Sour turnip is traditionally served with blood sausage and mashed potatoes. Again, take the sausage away and enjoy in creamy potatoes with slightly sour turnip on the side – for many Slovenians it is an instant throwback to their childhood, when grandmas made the Sunday lunch after playing outside. A proper comfort food!
In the summer you have to try polenta in a different combination – with sour milk! It is a traditional shepherd’s lunch and the best location to try the vegetarian dish are Slovenian mountains.
Idrijski žlikrofi – the dish with its own festival
Filled pasta from Idrija similar to ravioli or as the Slovenians call it – idrijski žlikrofi is a type of pasta filled with spiced filling made of cooked potato, sautéed onions and lard. In Idrija, they have undoubtedly been made for at least 150 years. Where their shape comes from it is not certain, some say it tries to resemble the Napoleon’s hat, others that it comes from the Alpine region. They are served with a sauce, for a vegetarian version the best option is with porcini mushrooms.
There is also The Idrija Žlikrof Festival, an outstanding culinary experience, where this traditional Idrija dish is presented in a contemporary light.
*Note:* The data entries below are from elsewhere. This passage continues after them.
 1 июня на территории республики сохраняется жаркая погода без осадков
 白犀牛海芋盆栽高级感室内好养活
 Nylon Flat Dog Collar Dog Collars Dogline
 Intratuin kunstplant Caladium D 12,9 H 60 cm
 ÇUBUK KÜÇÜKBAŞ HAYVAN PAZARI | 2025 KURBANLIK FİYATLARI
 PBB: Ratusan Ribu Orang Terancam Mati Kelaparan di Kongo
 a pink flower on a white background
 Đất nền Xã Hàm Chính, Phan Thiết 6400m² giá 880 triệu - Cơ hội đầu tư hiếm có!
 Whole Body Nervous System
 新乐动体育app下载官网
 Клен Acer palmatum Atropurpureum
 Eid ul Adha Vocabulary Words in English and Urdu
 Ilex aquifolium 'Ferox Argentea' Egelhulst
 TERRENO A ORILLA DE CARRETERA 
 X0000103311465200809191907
Each year in August the certified Idrija žlikrofi makers and local chefs, who make innovative sauces accompanied with high-quality wineries and microbreweries to make the festival a great socializing and tasting event.
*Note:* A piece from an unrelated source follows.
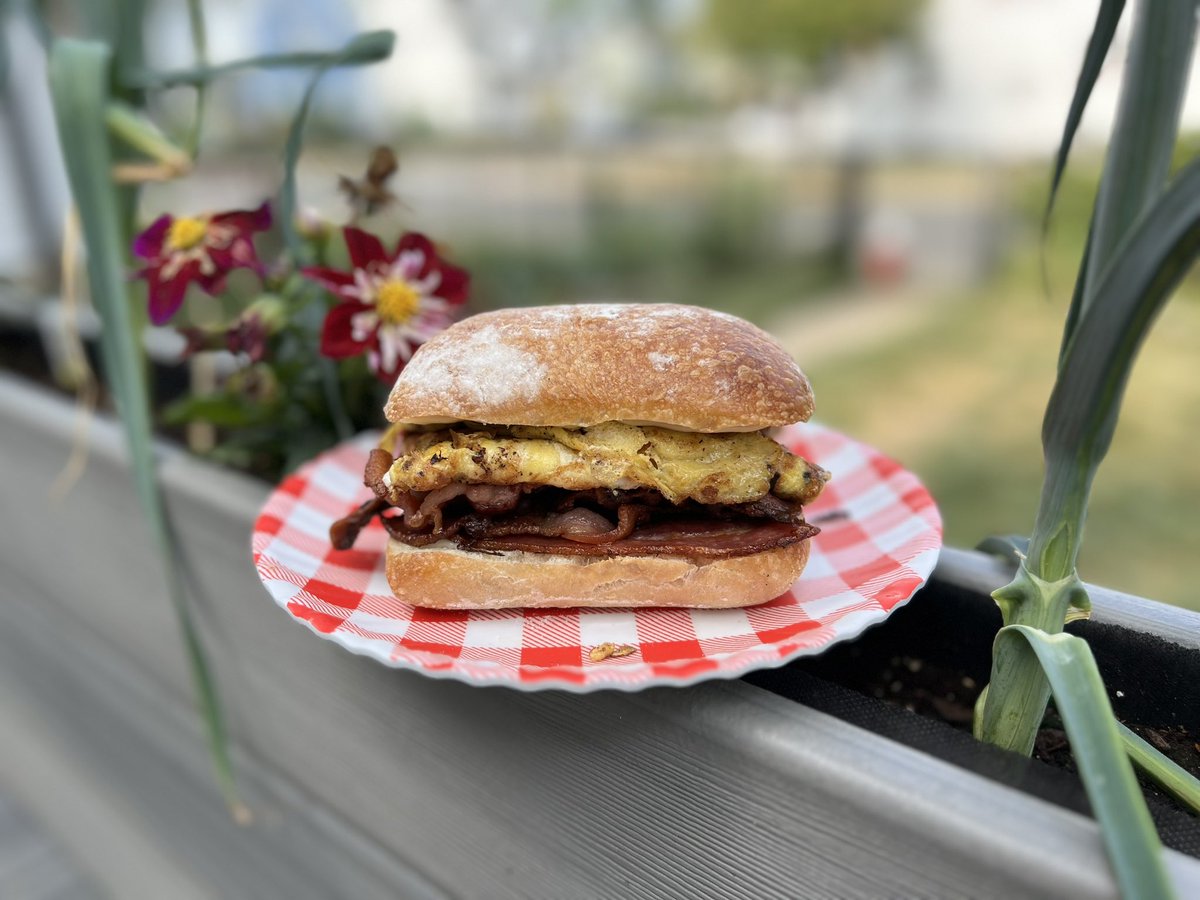 RedPieWhitePie's tweet photo. In honor of this weeks upcoming physical a bacon egg &amp; cheese on a roll before I get my cholesterol checked.
.
.
#pizza #redpiewhitepie #newjersey #cooking #drinking #goodfood #food #eating #foodie #foodlover #breakfast #breakfastsandwich #cheese #egg #bacon #cookingwithcooper https://t.co/co7i67xm7g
Štruklji dumplings with their own restaurant
Rolled dough with a variety of fillings. How good does that sound? Štruklji is a dish not to be missed when you visit Slovenia. Whether you like the sweet or the savoury version, your greatest dilemma will be, which filling to choose.
The dish comes in the form of rolls, and can be either cooked or baked, the most common fillings are cottage cheese, walnut, apple, poppy seed or tarragon. They are served with either meat and gravy as a side dish or with breadcrumbs for a topping as a dessert.
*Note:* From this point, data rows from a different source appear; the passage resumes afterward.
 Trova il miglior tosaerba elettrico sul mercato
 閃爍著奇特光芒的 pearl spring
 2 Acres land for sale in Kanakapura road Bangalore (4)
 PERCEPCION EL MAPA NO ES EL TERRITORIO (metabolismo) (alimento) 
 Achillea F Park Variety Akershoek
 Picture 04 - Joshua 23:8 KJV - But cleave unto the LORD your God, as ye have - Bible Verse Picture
You can get štruklji in all restaurants that offer Slovenian cuisine and the dish is so popular it also has its own “štruklji only” restaurant in Ljubljana: The dumpling house Moji štruklji Slovenije, where You can choose from more than 20 kinds of traditional and modern Slovenian dumplings, made from different kinds of dough, with creamy or classical fillings and toppings.
Sweeten your day in Bled with cream cake dessert
A cream cake is a specialty of the Slovenian Lake Bled area. The layered cake has it all: a golden, crispy, buttery pastry as the base, topped with vanilla custard, followed by whipped cream, and a layer of thin, buttery dough, topped with icing sugar. It is served in cubes and sold in up to 3.500 slices per day. The recipe for the original cream cake or kremšnita is a complicated one, making the dessert a true piece of art.
Potica and Prekmurska gibanica
Potica is commonly known as every Slovenian housewife’s source of pride. The traditional cake is usually prepared for festivities and celebrations such as Christmas and Easter. Today, you can get it anytime in restaurants and supermarkets, but homemade potica is still the best. There are around 60 types of potica, with various, traditional fillings, most commonly with walnuts, hazelnuts, tarragon, honey, poppy seeds, and cottage cheese, but also with almonds or chocolate. The dessert is such an important part of Slovenian cuisine and culture, that it was even featured on Slovenian postage stamp.
Prekmurska gibanica is also a well-known dessert, traditionally a dish of Prekmurje region, where recipes have often been inspired by Hungarian and Austrian traditions. A layered strudel pie is an interesting combination of different fillings and paper-thin strudel pastry. What makes the dessert different from the others is the bottom layer, often made with shortcrust pastry.The fillings are divided by butter-brushed pastry sheets and layered in the exact order of poppy seeds, cottage cheese, ground walnuts, and grated apples. The layering is done twice, finished with another sheet of pastry. A dessert that can easily be eaten as the main meal.